December 10th, 2014

We Sinful Women is a powerful anthology, in the form of traditional Urdu poetry, compiled to demonstrate the potential of women to both add to cultural repositories of literature as well as to write on the subject of problems facing themselves as a community and their larger nations. In this blog post, I explore the places in which such potential can be harbored, and why, in certain situations, it is released.

Like a bar of soap, worn thinner with daily use, it is not difficult to gradually lose sight of a goal of social equality in a system that is overwhelmingly unequal, such as the one in which these women existed. Despite the sparkle of possibility on the surface of an issue, the way in which cultural norms are deeply ingrained in all members of a society – subjugated or otherwise – makes it extremely difficult to enact social change. Those who can turn struggle and daily abuse into powerful statements are few and far between, but some of those who were able chose to produce literature regarding social equality. This is represented by the pieces of newspaper in the base of the soap bar: These female poets, after working through unspeakable discrimination in their societies, wore away the layers of their own existence to find extreme literary potential and eventual publication at the bottom of it.

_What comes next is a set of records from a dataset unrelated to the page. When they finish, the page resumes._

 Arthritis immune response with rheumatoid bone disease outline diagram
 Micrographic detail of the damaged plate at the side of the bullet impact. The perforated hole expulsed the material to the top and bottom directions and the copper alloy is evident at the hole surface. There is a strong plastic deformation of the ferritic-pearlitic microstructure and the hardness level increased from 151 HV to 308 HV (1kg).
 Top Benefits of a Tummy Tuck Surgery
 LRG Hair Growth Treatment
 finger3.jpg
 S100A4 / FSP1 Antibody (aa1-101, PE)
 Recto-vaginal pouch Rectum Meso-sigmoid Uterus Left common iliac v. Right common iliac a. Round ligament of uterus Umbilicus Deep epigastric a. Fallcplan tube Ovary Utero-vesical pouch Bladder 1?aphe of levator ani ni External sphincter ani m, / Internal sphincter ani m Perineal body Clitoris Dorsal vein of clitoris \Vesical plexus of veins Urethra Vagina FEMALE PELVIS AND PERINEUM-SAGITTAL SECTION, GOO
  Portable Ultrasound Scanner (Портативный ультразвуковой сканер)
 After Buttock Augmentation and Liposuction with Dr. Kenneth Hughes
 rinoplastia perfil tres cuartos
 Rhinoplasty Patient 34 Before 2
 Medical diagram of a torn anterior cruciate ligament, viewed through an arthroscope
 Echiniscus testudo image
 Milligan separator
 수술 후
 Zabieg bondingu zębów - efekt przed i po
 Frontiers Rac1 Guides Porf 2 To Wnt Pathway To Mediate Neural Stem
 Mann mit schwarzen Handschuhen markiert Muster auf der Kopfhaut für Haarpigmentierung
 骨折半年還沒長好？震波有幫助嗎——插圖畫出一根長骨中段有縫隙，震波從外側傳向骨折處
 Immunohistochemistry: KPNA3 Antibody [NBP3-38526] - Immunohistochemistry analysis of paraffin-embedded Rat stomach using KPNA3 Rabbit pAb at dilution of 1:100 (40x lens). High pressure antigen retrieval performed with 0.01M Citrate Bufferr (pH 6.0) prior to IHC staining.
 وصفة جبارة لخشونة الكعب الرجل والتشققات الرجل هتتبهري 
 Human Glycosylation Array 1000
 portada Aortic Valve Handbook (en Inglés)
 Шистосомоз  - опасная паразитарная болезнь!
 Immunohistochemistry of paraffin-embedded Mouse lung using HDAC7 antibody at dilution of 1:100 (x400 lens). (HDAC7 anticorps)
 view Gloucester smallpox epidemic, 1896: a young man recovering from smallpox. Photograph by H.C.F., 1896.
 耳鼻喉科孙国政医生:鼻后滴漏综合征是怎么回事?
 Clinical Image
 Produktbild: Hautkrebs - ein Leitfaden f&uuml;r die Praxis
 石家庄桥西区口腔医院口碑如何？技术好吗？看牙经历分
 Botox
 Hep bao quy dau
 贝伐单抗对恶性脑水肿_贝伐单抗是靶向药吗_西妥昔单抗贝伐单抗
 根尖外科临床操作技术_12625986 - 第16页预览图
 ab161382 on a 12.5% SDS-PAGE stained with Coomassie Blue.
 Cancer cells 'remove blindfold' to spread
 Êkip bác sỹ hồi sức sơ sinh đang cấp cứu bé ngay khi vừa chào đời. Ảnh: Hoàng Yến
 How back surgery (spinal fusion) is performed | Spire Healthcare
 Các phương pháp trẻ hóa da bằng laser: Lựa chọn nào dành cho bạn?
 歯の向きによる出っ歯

The path to a literary work is extremely important, and can help illuminate why some of these poets have become so famous: They became so not despite of their womanhood, but because of it. Poetry motivated by happenings – especially those not under control of the author – tends to be particularly emotionally strong. Though containing perhaps fewer literary mechanisms, its emotional power due to the closeness of the author to the subject and the fact that it was thrust upon them, not chosen, makes it especially potent.

The wearing away of layers is a difficult process, and takes time – yet, the idea that with further use by society, these women came closer and closer to the literature that they would eventually publish, is encouraging. Given literature’s potential to spark social change, the fact that a subjugated class still has access to a readership is promising, especially in today’s society. As race is becoming an especially salient aspect of our lives, and is bringing to the surface many claims of denial regarding the plight of minorities in America, we can only hope that the way in which minorities have been worn against – passed over for jobs, stopped unfairly by police, and mistreated socially – (though regrettable, unfortunate, and certainly a mistake) will produce emotionally convincing literature to yield an America that, as a whole, has the power to enact social change.

Subjugation is not silence, and We Sinful Women proves this handily.